My rating: 4 of 5 stars
I was pretty excited to find a YA book from the POV of Catherine Howard. Given that she was 15 when she married Henry VIII, she actually lends herself well to YA, and it was refreshing to read about the thoughts of a teenage girl on being a pawn in her family’s power games, and being married to a man old enough to be her father, rather than from the treatment I usually see of her in historical fiction. I think Libby did an excellent job capturing both this aspect of it, as well as the uncertainty of a teenager, and the insecurities of a teenage girl trying to keep herself from being overshadowed by two of Henry’s more well-known queens, Anne Boleyn and Jane Seymour.
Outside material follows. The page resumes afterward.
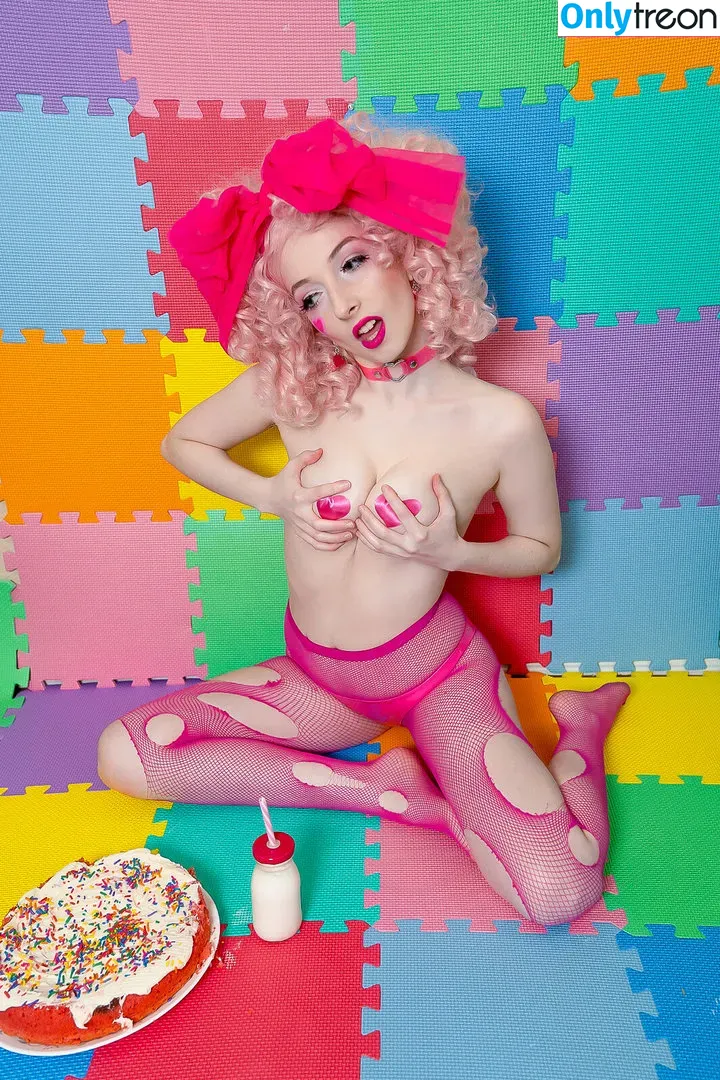 Evettes Niche nude photo #0032 (evettesniche)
I felt like the main conflicts of the book – Catherine’s mission to hide the indiscretions of her past, as well as her passion for her cousin, Thomas Culpeper – lacked urgency for a lot of the book, mainly because they didn’t really come to the forefront until about halfway through the book. The first half of the book was mostly watching things happen to Catherine, and while I think this was really powerful, given the position of women during this time, and Catherine’s lack of choice in her family’s plans, I felt like the second half of the book was much more compelling, and I really wish more focus had been put on this. Toward the end, things started happening really fast, without much development, and I think I probably would have preferred if the book had mostly covered those events.
Overall, I think Libby did a good job creating in Catherine a character that was realistic and easy to sympathize with. Even though this book is set almost 500 years ago, I think that the character is one that transcends these centuries and is still relevant.